FreeBuds Pro 3 — czas pracy i ładowanie
Firma Huawei obiecuje, że FreeBuds Pro 3 będą pracowały z aktywną techniką redukcji hałasu przez 4,5 godziny. Jednak małym druczkiem dopisuje przy tej deklaracji, iż pomiar wykonano przy zastosowaniu kodowania AAC oraz przy głośności ustawionej na połowę skali, którą jak przypuszczam, wiele osób nierzadko przekroczy. W naszym teście, pracując z kodowaniem LDAC, adaptacyjną przepływnością (najlepszy tryb 990 kbps, jak pamiętacie nie działał prawidłowo) oraz z maksymalną głośnością FreeBuds Pro 3 skapitulowały po 3 godzinach i 40 minutach. Energia zgromadzona w akumulatorze etui wystarcza zaś na czterokrotne naładowanie akumulatorów słuchawek, co przy wykorzystywaniu kodowania LDAC sugeruje, iż łącznie będą one pracowały przez 18-19 godzin.
Pewnym pocieszeniem dla osób intensywnie używających słuchawek jest funkcja szybkiego ich ładowania w etui. Po 5 minutach odzyskamy 20 procent energii, po 10 minutach — 45 procent, a po kwadransie — 65 procent. Ładowanie FreeBuds Pro 3 przez 20 minut przywróci ich akumulatorom 80 procent energii, przez 25 minut — 90 procent, a po około 30 minutach ujrzymy wskazanie 100 procent.

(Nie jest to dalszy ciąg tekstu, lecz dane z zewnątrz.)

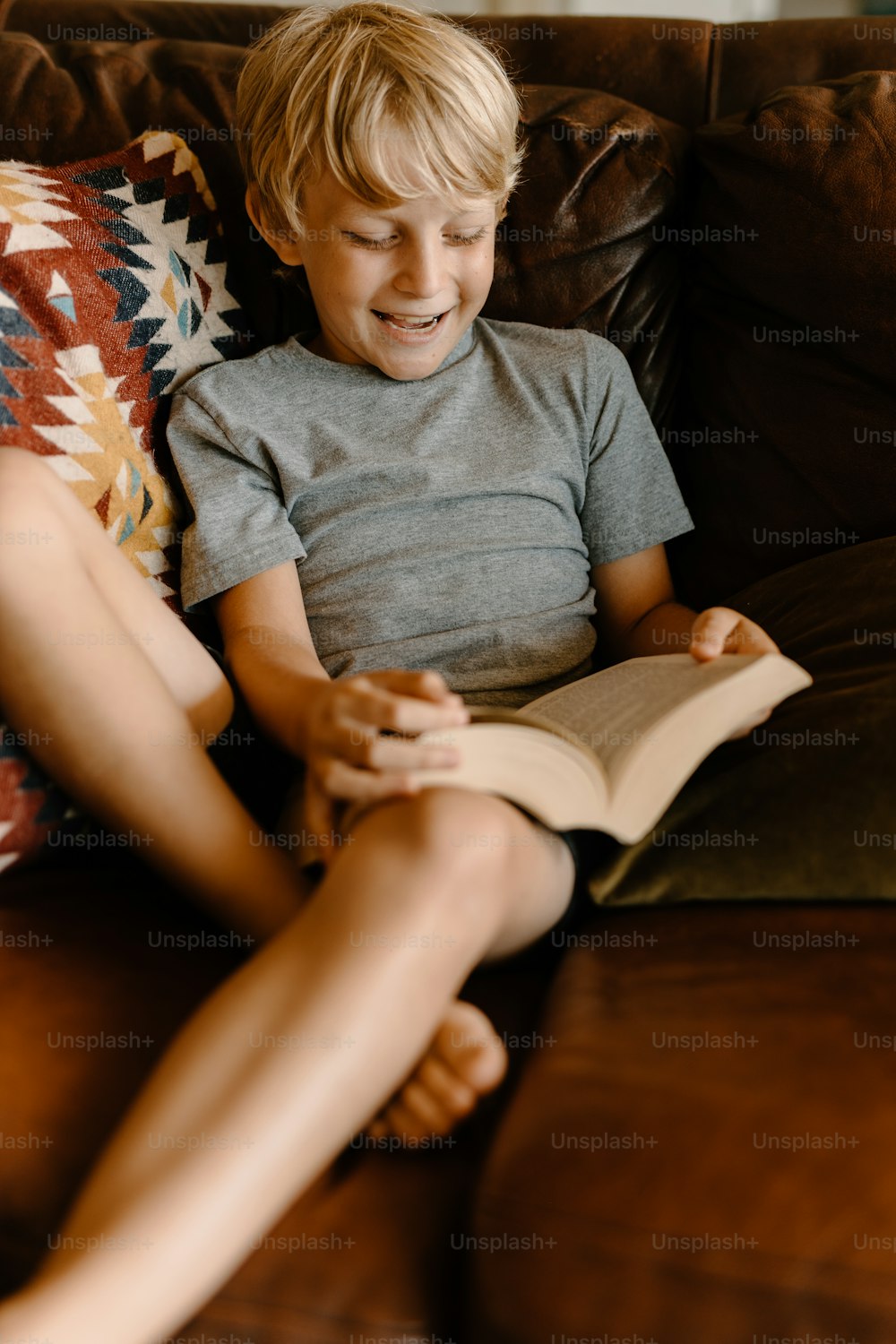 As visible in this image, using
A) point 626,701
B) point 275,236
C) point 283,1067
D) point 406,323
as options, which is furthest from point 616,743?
point 275,236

Akumulator etui możemy ładować przewodowo (około godziny) lub indukcyjnie. Tę ostatnią funkcję należy jednak traktować raczej jako awaryjną… chyba, że mamy akurat wolne 2-3 godziny.
FreeBuds Pro 3 — podsumowanie
FreeBuds Pro 3 grają atrakcyjnie, choć nie najlepiej na rynku. Mają dobrze działającą technikę ANC, lecz i w tym zakresie ustępują najlepszym. Jednak w najważniejszym plusem nowych słuchawek Huawei jest ich cena — wysoka, ale… dużo niższa niż cenionych rynkowych konkurentów. Tak o około 30 procent. I to jest mocny argument, który sprawia, że słuchawki FreeBuds Pro 3 oceniane całościowo wypadają naprawdę dobrze.
Oczywiście, przydałaby się chwila refleksji programistów Huawei nad działaniem trybu świadomości. Przydałoby się też, aby korzystanie z kodowania LDAC nie wymagało mało intuicyjnego procesu instalacji aplikacji sterującej i słuchawki poprawnie obsługiwały wysoką przepływność dla kodowania LDAC (990 kbps). Nie wzgardziłbym też aktualizacją algorytmów pracy najmocniejszego trybu pracy techniki ANC. Być może Chińczycy staną na wysokości zadania przy okazji kolejnych aktualizacjach oprogramowania FreeBuds Pro 3, ale nawet jeśli nie, to są to rzeczy do przełknięcia, kiedy choćby w porównaniu do modelu Sony WF-1000XM5 zostaje nam w kieszeni bardzo konkretne 400 złotych.
Niestety w tej pozornie dobrej rynkowej sytuacji, do roli poważnych rynkowych rywali FreeBuds Pro 3 stają starsze flagowe modele słuchawek konkurencji: Sony WF-1000XM4 (bardzo dobre brzmienie, nadal wysokiej jakości ANC, cena 899 złotych), Samsung Galaxy Buds2 Pro (bardzo dobre brzmienie, solidne ANC, cena 749 złotych), Jabra Elite 85t (neutralne brzmienie, dobre ANC, cena 749 złotych), czy choćby wreszcie starsze, realnie niewiele ustępujące nowym FreeBuds Pro 2 (cena 659 złotych). Oznacza to zaś, że nawet ze swoją pozornie niższą ceną FreeBuds Pro 3 wcale nie będą mieć na rynku łatwo.